Loss of function mutations in GEMIN5 cause a neurodevelopmental disorder.
Kour S., Rajan DS., Fortuna TR., Anderson EN., Ward C., Lee Y., Lee S., Shin YB., Chae J-H., Choi M., Siquier K., Cantagrel V., Amiel J., Stolerman ES., Barnett SS., Cousin MA., Castro D., McDonald K., Kirmse B., Nemeth AH., Rajasundaram D., Innes AM., Lynch D., Frosk P., Collins A., Gibbons M., Yang M., Desguerre I., Boddaert N., Gitiaux C., Rydning SL., Selmer KK., Urreizti R., Garcia-Oguiza A., Osorio AN., Verdura E., Pujol A., McCurry HR., Landers JE., Agnihotri S., Andriescu EC., Moody SB., Phornphutkul C., Sacoto MJG., Begtrup A., Houlden H., Kirschner J., Schorling D., Rudnik-Schöneborn S., Strom TM., Leiz S., Juliette K., Richardson R., Yang Y., Zhang Y., Wang M., Wang J., Wang X., Platzer K., Donkervoort S., Bönnemann CG., Wagner M., Issa MY., Elbendary HM., Stanley V., Maroofian R., Gleeson JG., Zaki MS., Senderek J., Pandey UB.

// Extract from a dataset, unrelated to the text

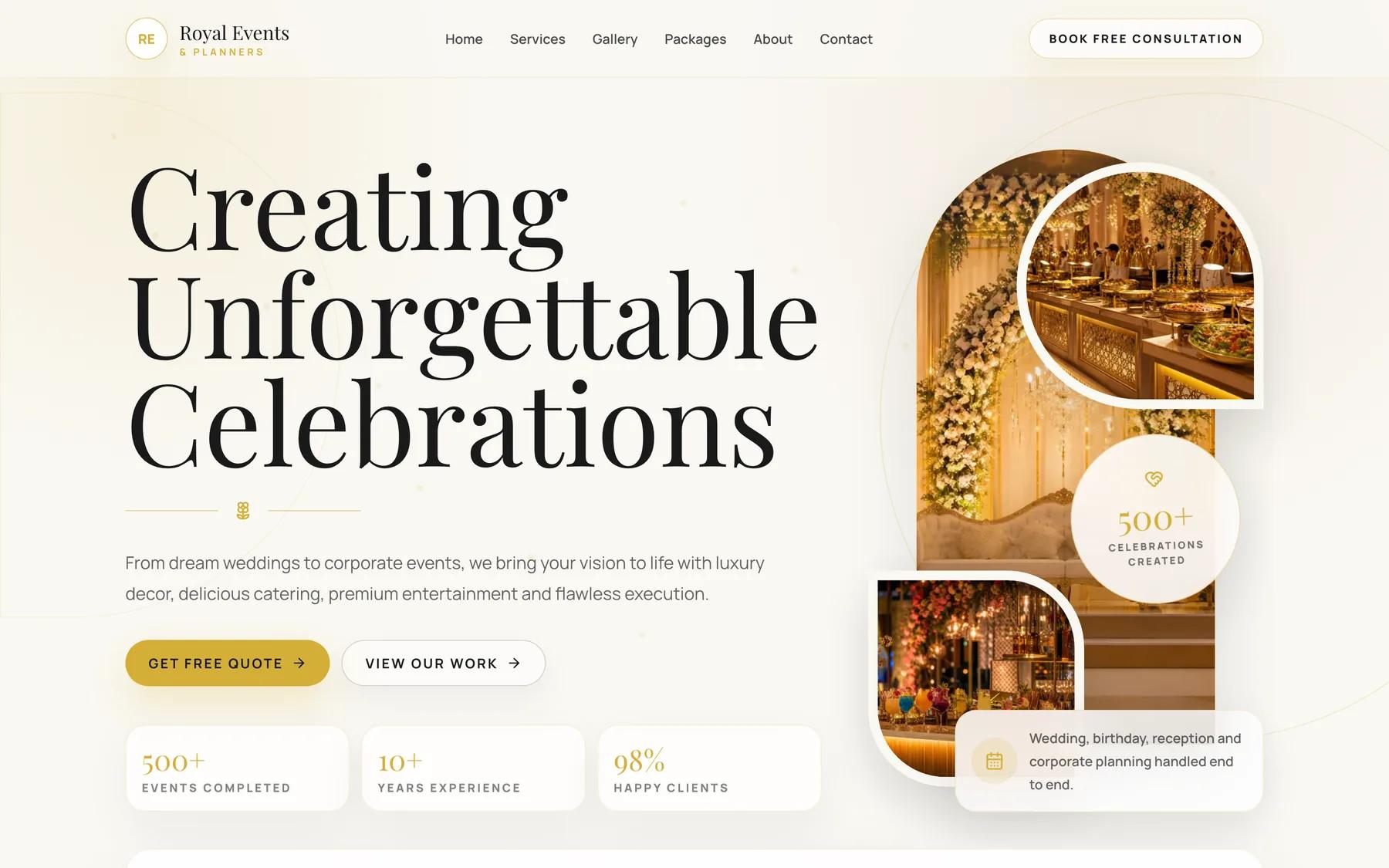 Royal Events & Planners — screenshot of the live site built by Narvyn Technologies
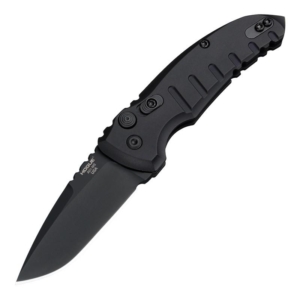 Hogue A01-Microswitch Automatic Folder Knife 2-3/4" Drop Point Blade Black - Hogue A01 Microswitch 2.75"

GEMIN5, an RNA-binding protein is essential for assembly of the survival motor neuron (SMN) protein complex and facilitates the formation of small nuclear ribonucleoproteins (snRNPs), the building blocks of spliceosomes. Here, we have identified 30 affected individuals from 22 unrelated families presenting with developmental delay, hypotonia, and cerebellar ataxia harboring biallelic variants in the GEMIN5 gene. Mutations in GEMIN5 perturb the subcellular distribution, stability, and expression of GEMIN5 protein and its interacting partners in patient iPSC-derived neurons, suggesting a potential loss-of-function mechanism. GEMIN5 mutations result in disruption of snRNP complex assembly formation in patient iPSC neurons. Furthermore, knock down of rigor mortis, the fly homolog of human GEMIN5, leads to developmental defects, motor dysfunction, and a reduced lifespan. Interestingly, we observed that GEMIN5 variants disrupt a distinct set of transcripts and pathways as compared to SMA patient neurons, suggesting different molecular pathomechanisms. These findings collectively provide evidence that pathogenic variants in GEMIN5 perturb physiological functions and result in a neurodevelopmental delay and ataxia syndrome.